Scala (ScalaTest + ScalaCheck):

import org.scalatest.flatspec.AnyFlatSpec
import org.scalatest.matchers.should.Matchers
import org.scalatestplus.scalacheck.ScalaCheckPropertyChecks

class UserServiceSpec extends AnyFlatSpec with Matchers with ScalaCheckPropertyChecks {

  // Fixture
  def userService: UserService = new UserService(new MockDatabase())

  "UserService" should "return existing user" in {
    val service = userService
    val user = service.getUser(1)

    user should not be empty
    user.get.name shouldBe "Alice"
  }

  it should "return None for missing user" in {
    val service = userService
    val user = service.getUser(999)

    user shouldBe None
  }

  // Or with Either/Try
  it should "return Left for missing user" in {
    val service = userService
    val result = service.getUserEither(999)

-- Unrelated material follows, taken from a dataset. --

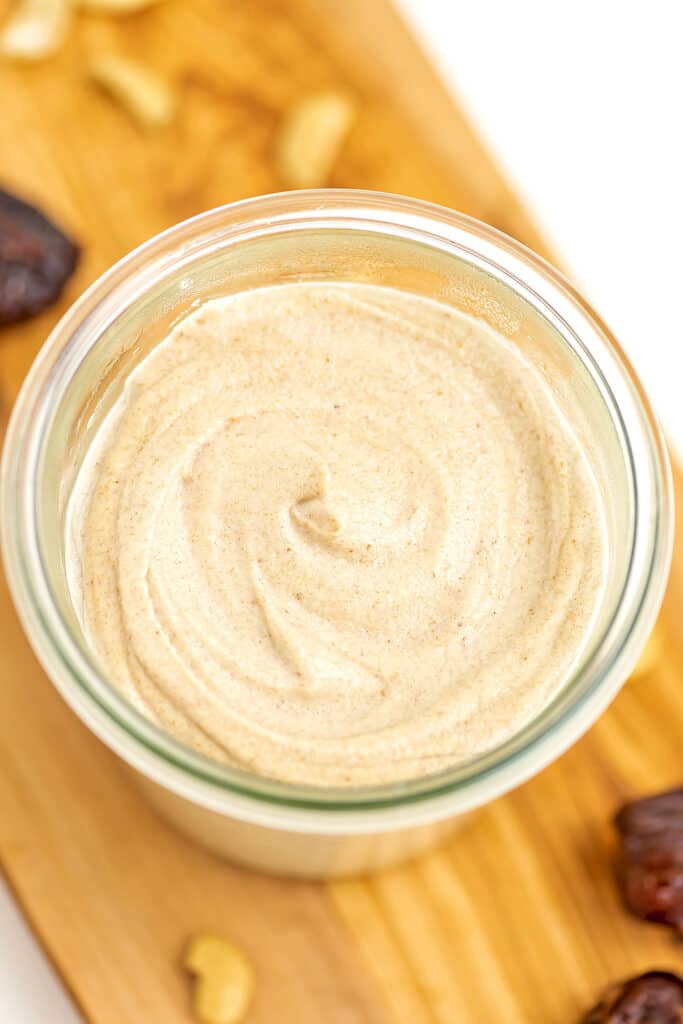 Glass jar filled with creamy cashew frosting.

    result shouldBe a[Left[_, _]]
    result.left.get shouldBe NotFoundError("User", 999)
  }

  // Table-driven tests
  it should "return correct names for multiple users" in {
    val service = userService
    val testCases = Table(
      ("userId", "expectedName"),
      (1, "Alice"),
      (2, "Bob"),
      (3, "Charlie")
    )

    forAll(testCases) { (userId, expectedName) =>
      val user = service.getUser(userId)
      user.get.name shouldBe expectedName
    }
  }

  // Property-based testing with ScalaCheck
  it should "handle all valid user IDs without exception" in {
    forAll(Gen.choose(1, 1000)) { userId =>
      val service = userService
      noException should be thrownBy {
        service.getUser(userId)
      }
    }
  }

  // Property: round-trip serialization
  it should "round-trip serialize users" in {
    forAll(genUser) { user =>
      val json = user.asJson
      val decoded = decode[User](json.noSpaces)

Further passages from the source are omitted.